(Collected data)
-- -- --

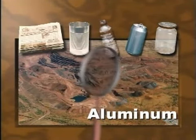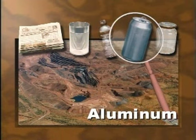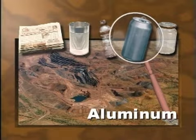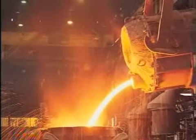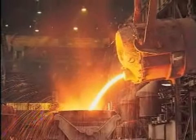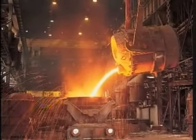Producing new aluminum from recycled materials saves 95% of the energy that it takes to make it from mineral ore. At the smelter, the aluminum bales are broken open and melted at 1,220 degrees Fahrenheit for up to 18 hours. During this time, the impurities are removed. The molten metal is then poured into forms and allowed to cool.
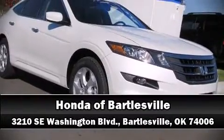Come down today and see this vehicle for yourself. Call now to schedule a test drive.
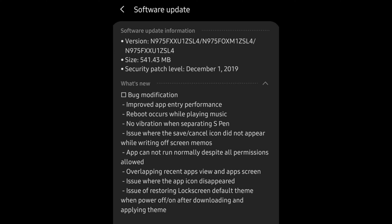Next up, the Galaxy Note 10 fourth beta update has been pushed out. It brings a few improvements, such as improved app entry performance — apps open a little bit quicker. It also fixes a reboot that occurs while playing music, an issue while writing off-screen memos, an app that can't run normally despite all permissions being allowed, overlapping recent apps view and apps screen, an issue where the app icon disappeared, and an issue of restoring the lock screen default theme when powered on and off after downloading and applying a theme. This update came out even sooner than the last one — about a week — so very nice to see. It might not be out exactly where you are, but give it a chance and it should be out very soon.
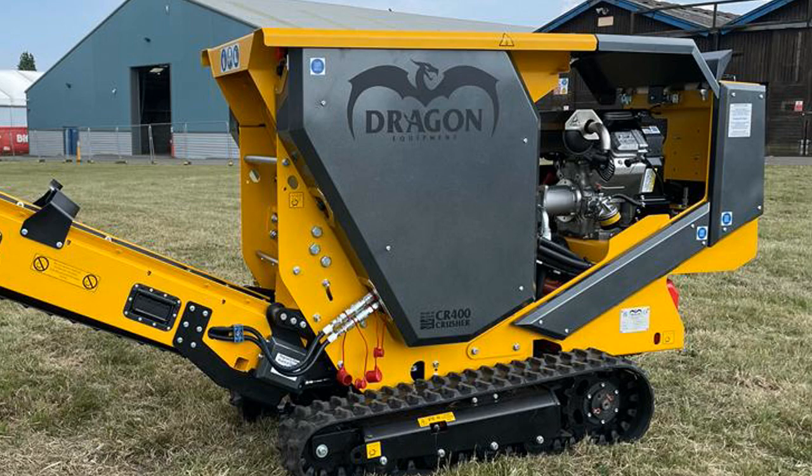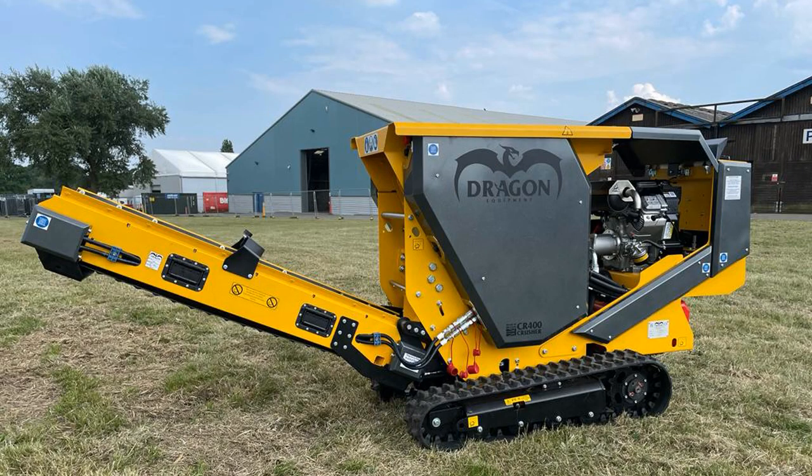The CR400 is easy to transport, weighing in at under 1,200 kilograms and measuring just 800 millimeters in width.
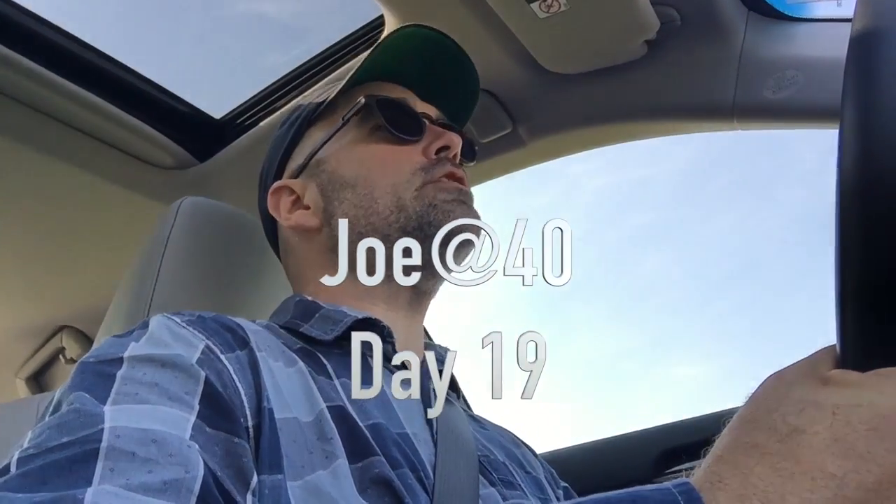Good morning. Welcome to day 19 of Joe at 14. 19 days I've been doing this. No wonder I'm going nuts. No, I'm fine. Anyway...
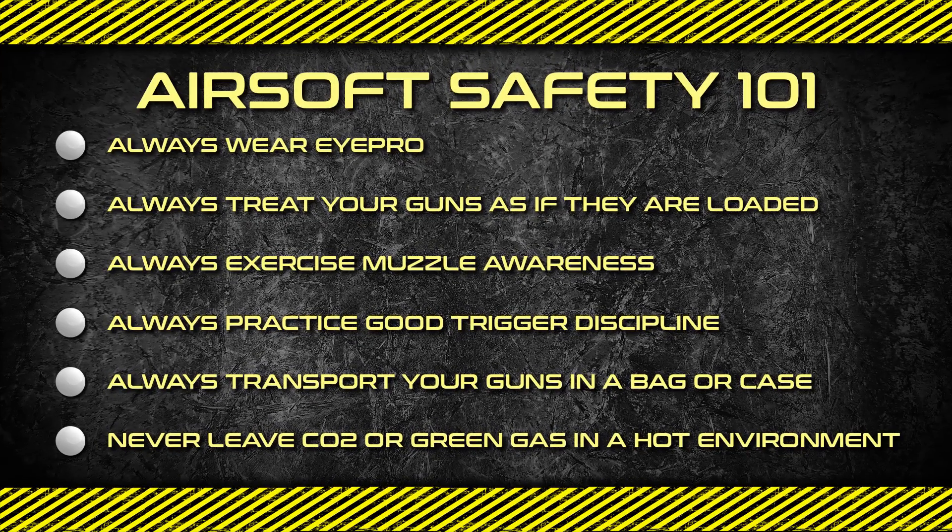Excited about Airsoft? Hit the like button and comment to join other Airsofters in the conversation.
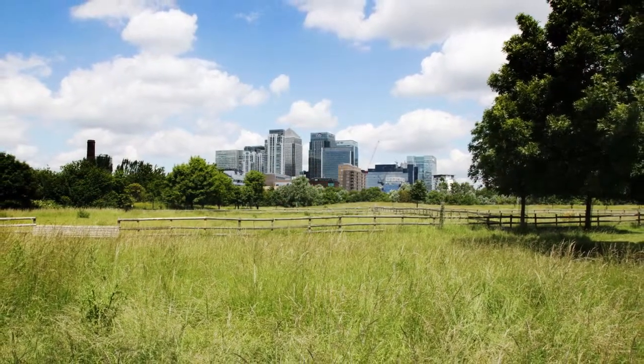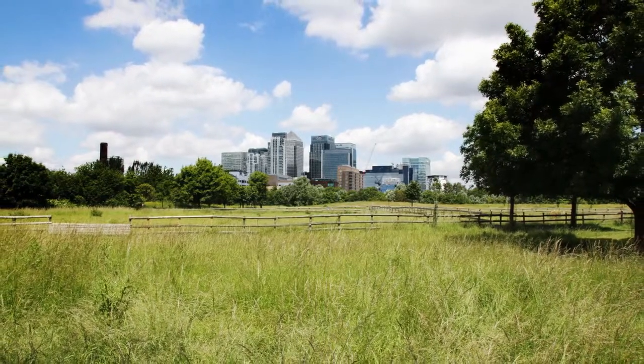If you have time, stop for a picnic on the meadow bank or a snack at the popular Mud Chute Kitchen. Be sure to take in the views of the cows and sheep grazing on pasture land with the towers of Canary Wharf just a short distance away.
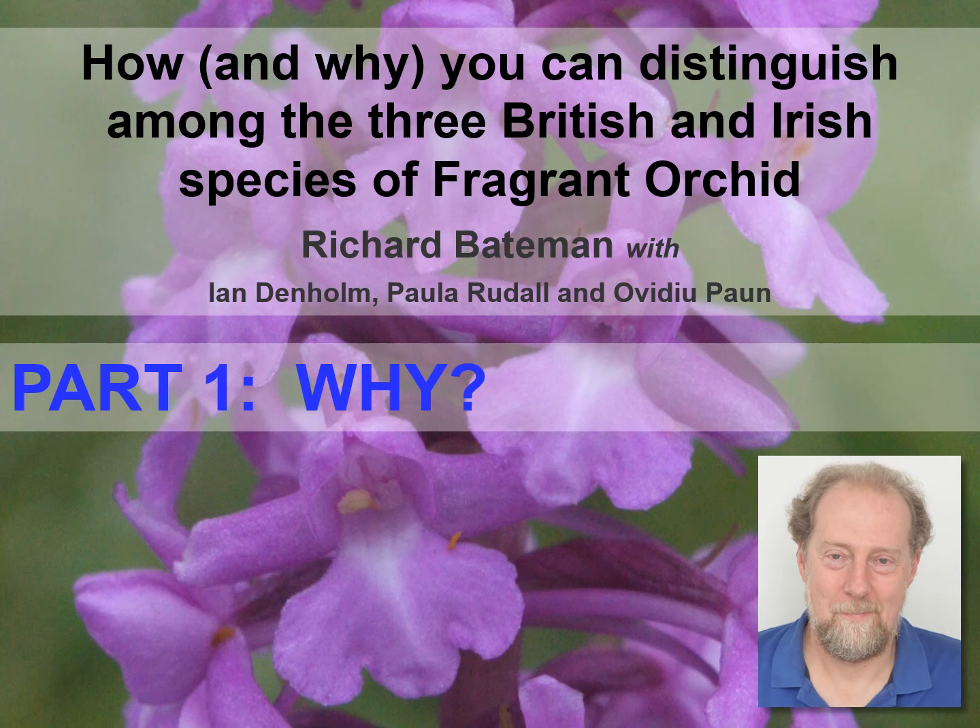Hello everyone. Today I'm aiming to provide advice regarding how best to distinguish the three British and Irish species of fragrant orchid, Gymnodenia. I promise to do so in the second of this matched pair of talks, but first I feel that I should explain to you why I think that three species of fragrant orchid occur in Britain and Ireland and why I believe that it's well worth making a serious effort to map them adequately.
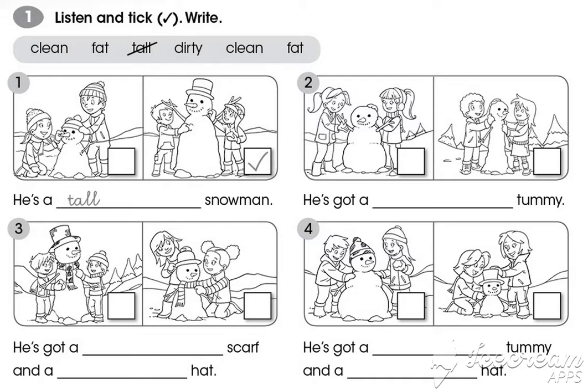3. What are they doing? They're making a snowman. Look, he's got a clean scarf and a clean hat. He's a short snowman.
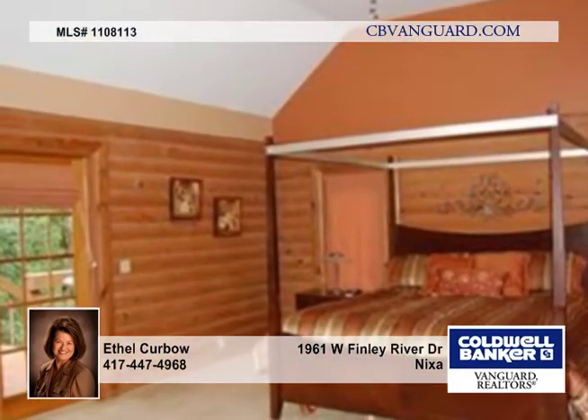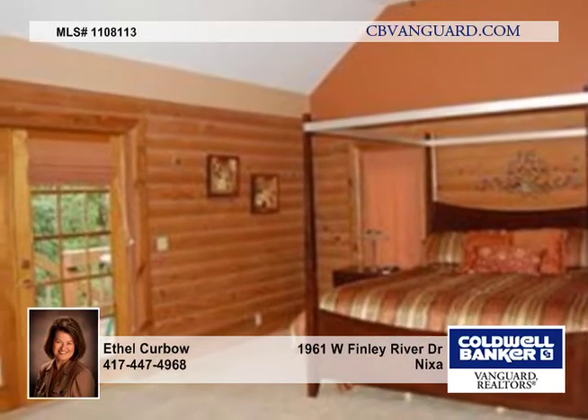The walkout basement has a rec room, a third bedroom, and a bath. There are also half baths on the main level.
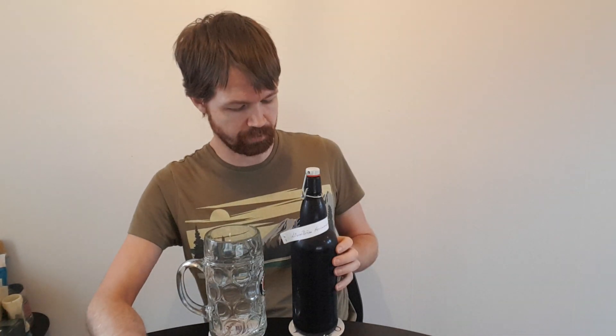Of course the brewery is serving only from tap, so that's why he did bring his one-litre growler, flush it to the brewery and got it filled up. I appreciate that very much.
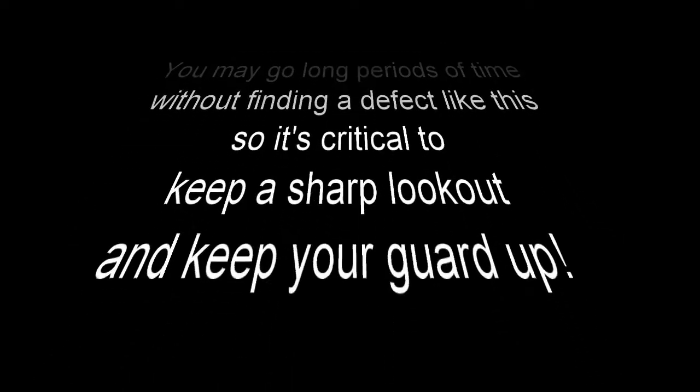You may go long periods of time without finding a defect like this, so it's critical to keep a sharp lookout and keep your guard up. Thanks.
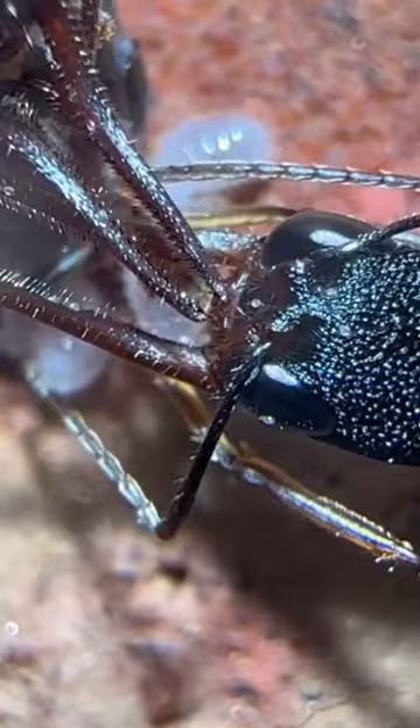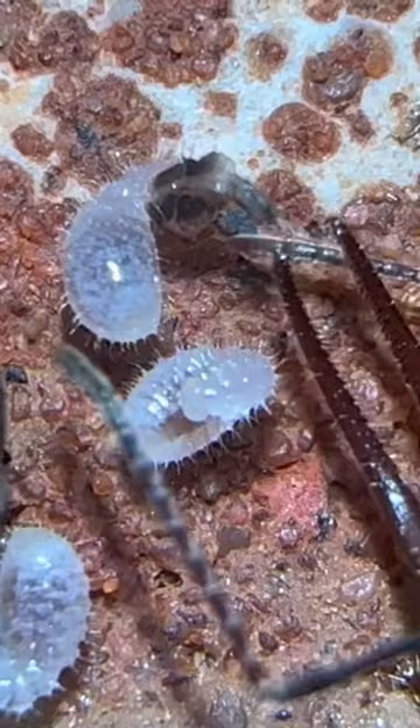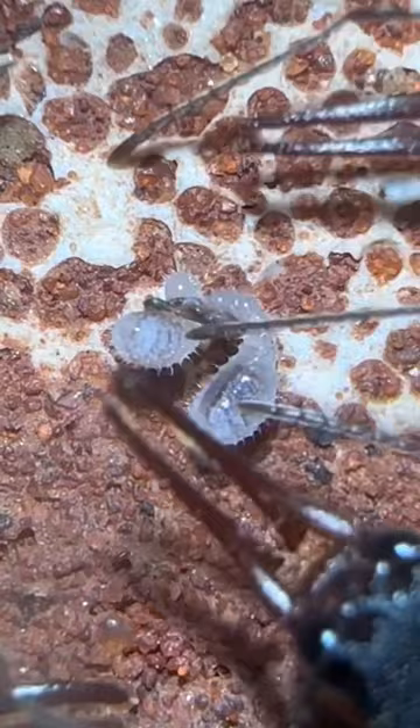But what I didn't realize until afterwards is that this worker was actually feeding the larvae as well, because afterwards the larvae had a little piece of cricket. Meaning the adult workers are pulling off small pieces and feeding them to the larvae. But the other larvae didn't get anything, so this worker went in and simply rearranged them a little bit so both could eat from the small piece.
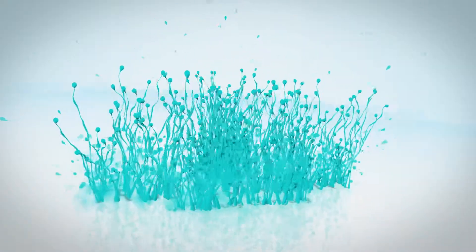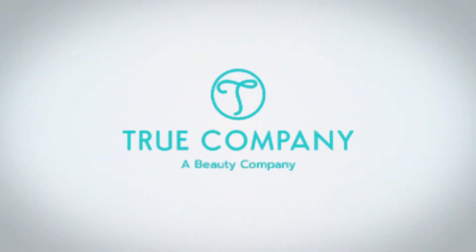Hey guys, it's me Nicole, and welcome back to another video here on True Company's YouTube channel. I am so beyond excited to do this video because if you guys watched our video last Friday where we were giving away a Kiko Milano eyeshadow palette, then you'll know that I really like the Kiko products. I wanted to try out more while I'm still here in Italy, so I went to the Kiko store and I picked up some lippies and I am so excited to be trying these products out.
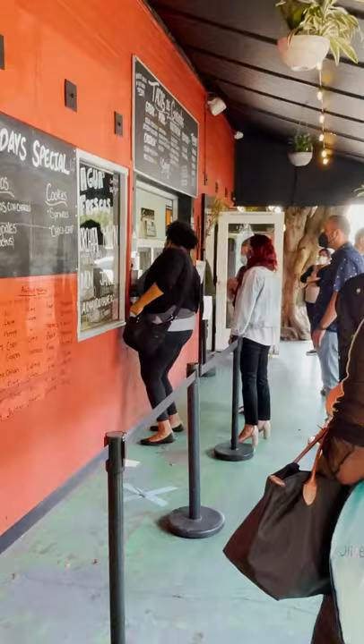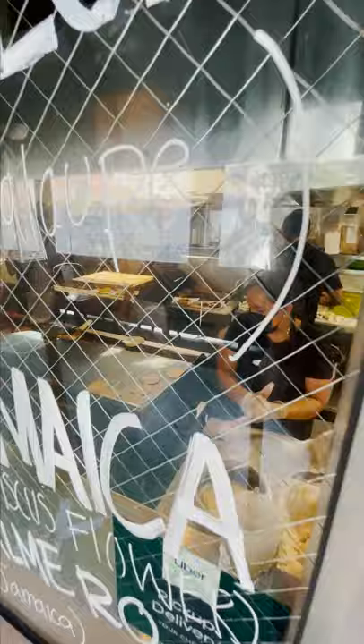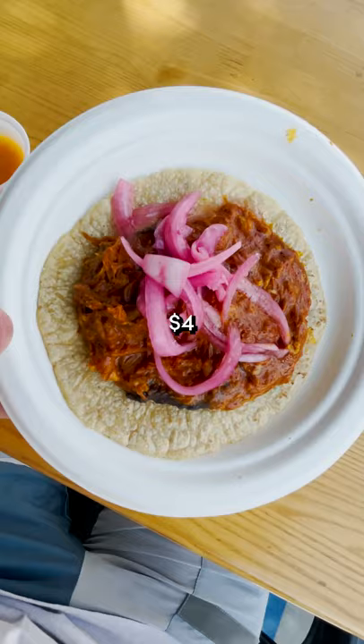Number two on the list here, I'm at Guisados — I think I said that right. It looks delicious. Everything is made in house, including the tortillas, which I think is bomb. And all of the meat is like slow roasted. It doesn't have the same amount of toppings the last one did, but I think it has way more meat. I'm hopeful.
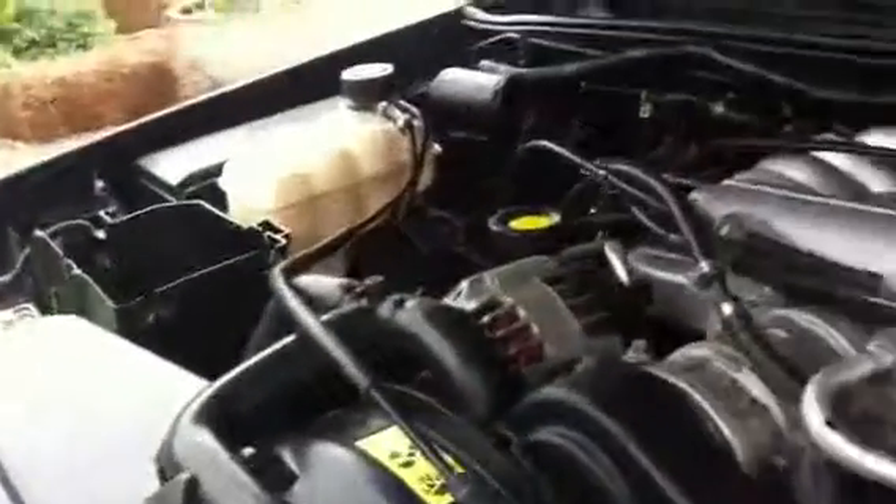Look at how clean this is — it looks brand new. No rust or corrosion. No dry rot in the hoses. Everything looks new.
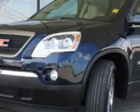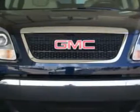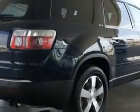Imagine driving this dark blue metallic 2012 GMC Acadia SLT1. It's equipped with a six-cylinder engine and an automatic transmission. Enjoy an impressive 24 miles to the gallon in this family SUV.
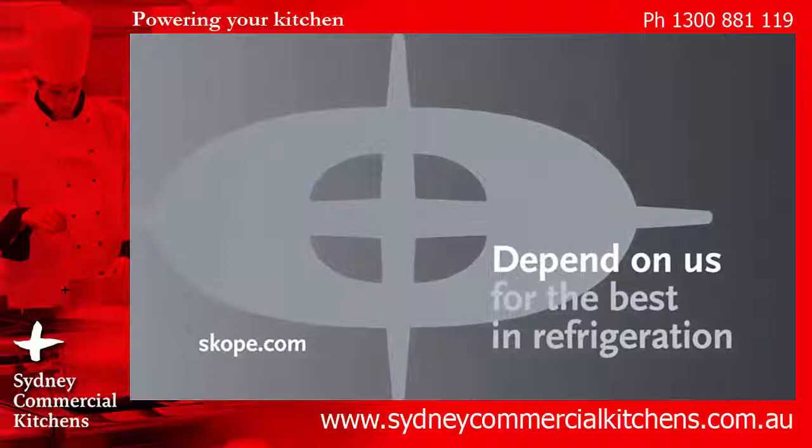To find out more about this product, call Sydney Commercial Kitchens on 1300 88 111 9 and speak to our trained sales specialists, or click the info link above to see more information. Thanks for watching.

-- -- --

Copy, word for word, the entries above from the first line to the line that holds "Come down today". Drop the pictures.

▶ Output:
Producing new aluminum from recycled materials saves 95% of the energy that it takes to make it from mineral ore. At the smelter, the aluminum bales are broken open and melted at 1,220 degrees Fahrenheit for up to 18 hours. During this time, the impurities are removed. The molten metal is then poured into forms and allowed to cool.
Come down today and see this vehicle for yourself. Call now to schedule a test drive.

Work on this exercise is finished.